A House with Open Doors: Betsie and Corrie Ten Boom

Public apologies do not come easily, especially from heads of state. So, when the Netherlands’ Prime Minster Rutte delivered a historic apology at an event commemorating the 75th anniversary of the liberation of Nazi concentration camp Auschwitz (January 27, 1945), many paid attention. The Prime Minister highlighted the tragic truth that before the Nazi occupation of the Netherlands, approximately 140,000 Jews were living in the country, and afterward only 38,000 remained. Rutte acknowledged that those in leadership simply did not do enough to protect their Jewish friends and neighbors, and in sum apologized for not putting up more of a fight.

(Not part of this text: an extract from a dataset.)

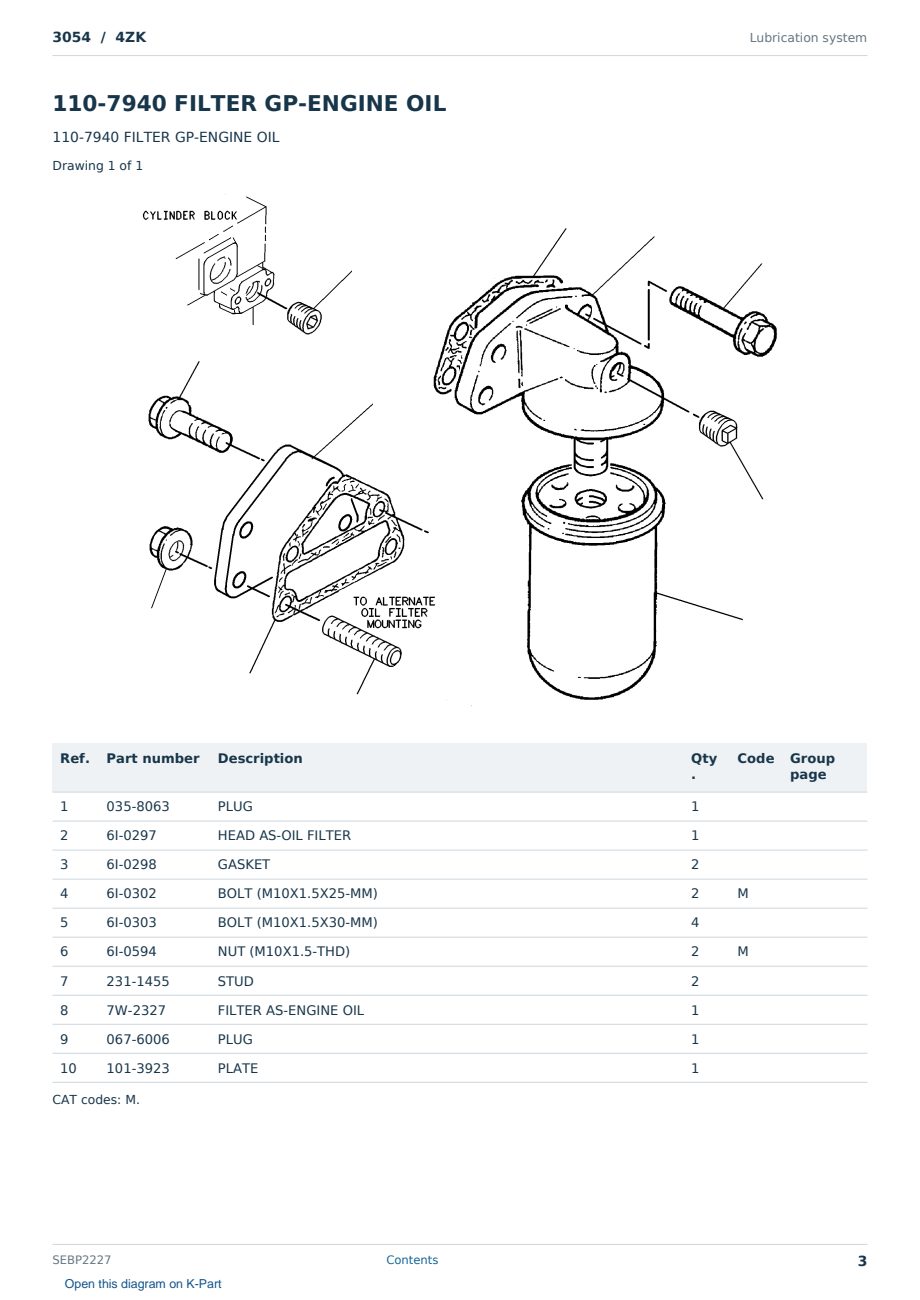 Caterpillar 3054 S/N 4ZK Partsbook SEBP2227 (English) - sample page 3 of 10 Caterpillar 3054 S/N 4ZK Partsbook SEBP2227 (English) - sample page 3 of 10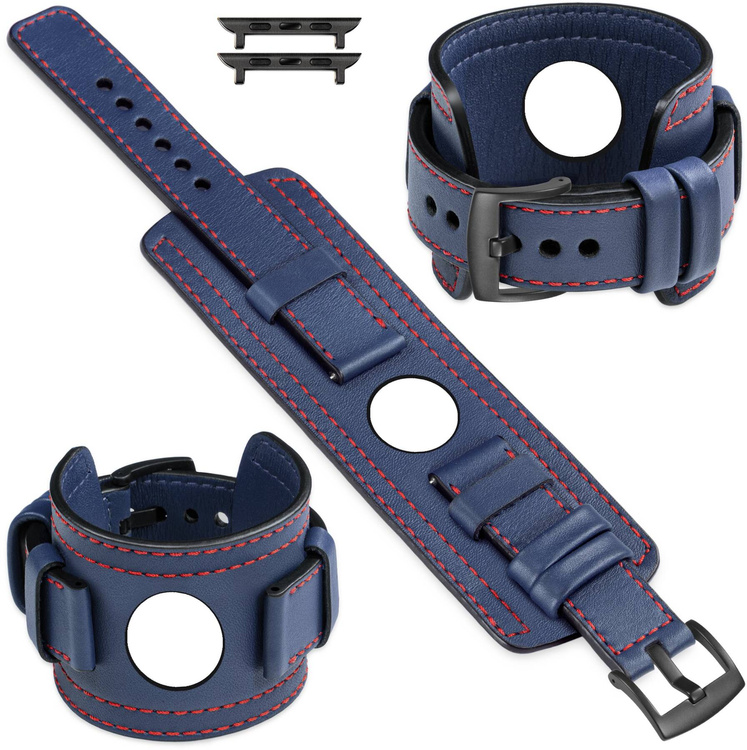 moVear Prestige CW1 Szeroki skórzany pasek 20mm do Apple Watch 10 / 9 / 8 / 7 / 6 / 5 / 4 / SE (42/41/40mm) | Granatowy, czerwone przeszycie [rozmiary XS-XXL i klamra do wyboru]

However, there were those who did stand up to the evil in their midst. An unsuspecting group of Christian freedom fighters opened their doors, smuggled ration cards, built trap doors, and risked their lives for the sake of their persecuted neighbors. Casper Ten Boom (age 83), and his two daughters Corrie (age 50) and Betsie (age 57), transformed their home into a hiding place and helped established an 80-person resistance movement that resulted in the saving of over 800 Jews during the German occupation. Last year, while on Sabbatical in the Netherlands, my family and I were able to walk through the Ten Booms’ home and experience afresh the amazing life and ministry of Corrie and Betsie Ten Boom. Much of their life and legacy comes to us through the lifelong publishing and speaking ministry of youngest daughter Corrie (1892-1983). While the Ten Booms’ work was underground, their story should not be.

A House with Open Doors

The Ten Booms lived in a narrow multi-story house just off the main square in Haarlem, where their father Casper ran a shop as the town watchmaker. Corrie was a bright young woman who eventually learned to read English, French, German, Hebrew and Greek, and at the age of 32 became the nation’s first licensed watchmaker. Bible reading, prayer, and family worship were a regular part of the family’s life together, and their faith prompted them to engage with their neighbors much more deeply than by simply fixing watches. Corrie’s brother Willem became a minister in the Dutch Reformed Church, and Corrie spent numerous hours organizing and serving with Christian girls’ clubs in the region. Having never married, both Corrie and Betsie devoted much of their lives to ministering to young girls in the Netherlands.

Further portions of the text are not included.